Your 20-minute business continuity plan

A life buoy on a computer keyboard - business continuity

A business continuity plan helps your company stay up and running if things go wrong with your IT. Whether it's a system crash, a power failure or a flood in your server room, your business continuity plan keeps you working

The idea of writing a business continuity plan can be daunting. However, it's better to put together a one-page plan then do nothing at all. It can take you as little as 20 minutes - read on to find out how.

Business continuity or disaster recovery?

There are two aspects of planning for IT disruption in your business:

  • Business continuity plan. This is how you'll keep working during a problem. It might include temporary measures or backup equipment.
  • Disaster recovery plan. This covers how you get your usual IT systems back up and running to full capacity.

Both are important elements of your IT planning.

What your business continuity plan should include

These are the key elements you need to include in your business continuity plan:

  • A list of staff contact details. Make sure you can get hold of everyone in your business - include home and mobile phone numbers and postal addresses. Good communication is vital to working in difficult circumstances.
  • A note of who has broadband internet. A standard broadband internet connection may be all your staff need to log in and work from home if your office is out of action for some reason.
  • Details of who keeps backup data at home. It can be a good idea to nominate a trusted member of staff to keep a copy of your backups at home. Make sure you know who this is so you can access the data!
  • Key log in details. Your email provider's username and password is probably most important (so you can read and reply to emails), but also keep the details for any other key online services you use, like your CRM or accounting systems.

It's also a good idea to work with your IT supplier to get a quote for replacing all your IT equipment - and in particular, a computer or network server with everything you need to restore your data. That way, you're ready to act quickly without having to scramble to work out what you need to fix things and how much it's going to cost.

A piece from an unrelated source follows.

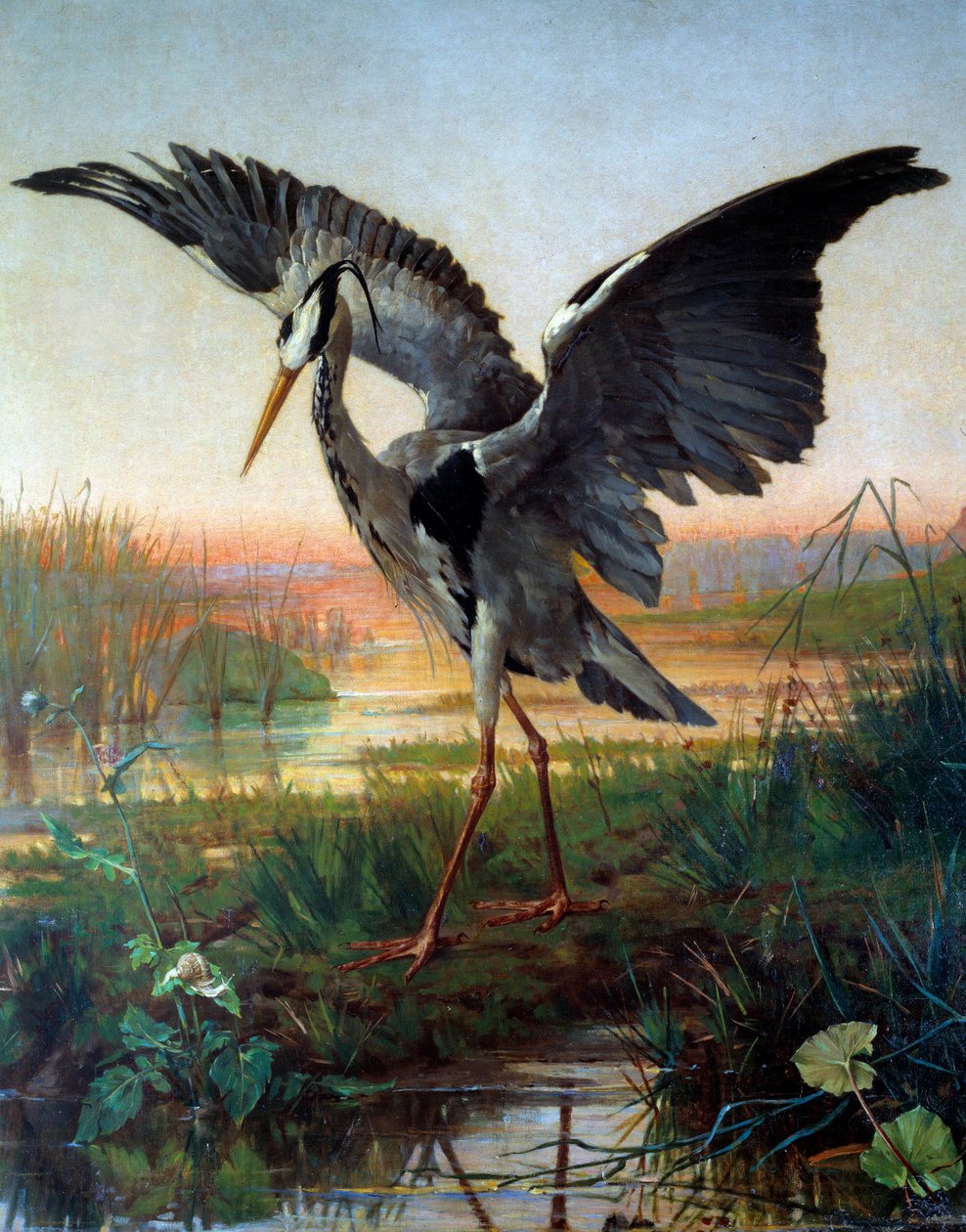 Czapla. Ilustracja do bajki „Czapla i ślimak” Jeana de La Fontaine autorstwa Louis Emile Villa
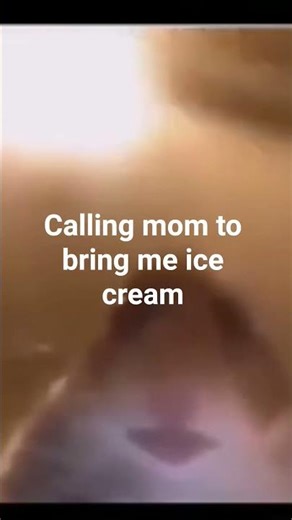 hamster calling meme🤣🤣😂😂 #funny #trending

Where will your business operate from?

Your business continuity plan should also specify where your business will operate from if your usual location is out of action. Think about an immediate contingency and longer-term options:

  • In the first few days you may decide that working from home is sufficient for you and your staff.
  • In the medium-term (beyond the first few days) you might want to use a temporary office, so your people can gather and have a base from which to work. Search online for short-term office providers and include their contact details in your plan.
  • In the longer-term, consider how your business would operate if you couldn't move back to your normal premises for a while. Do you have insurance to cover loss of earnings and additional costs? Do you have an emergency fund?

Delegate responsibility

Some types of problems could mean that not everyone in your business will be available to take charge. Make sure there's a clear line of responsibility so your business doesn't become paralysed by indecision.

People who can stay cool and have good organisational skills are often good at assuming responsibility in an emergency. You may wish to look for these qualities when nominating deputies.

Keep it somewhere safe

Finally, remember that your business continuity plan is only of use if you can get at it when you need it.

Make sure everyone in your business has a copy, and store it in several places so you're confident you can access it. Keep a hard copy in your desk and at home, save it to your central server and upload it to an online storage space - like that provided by Dropbox or Box.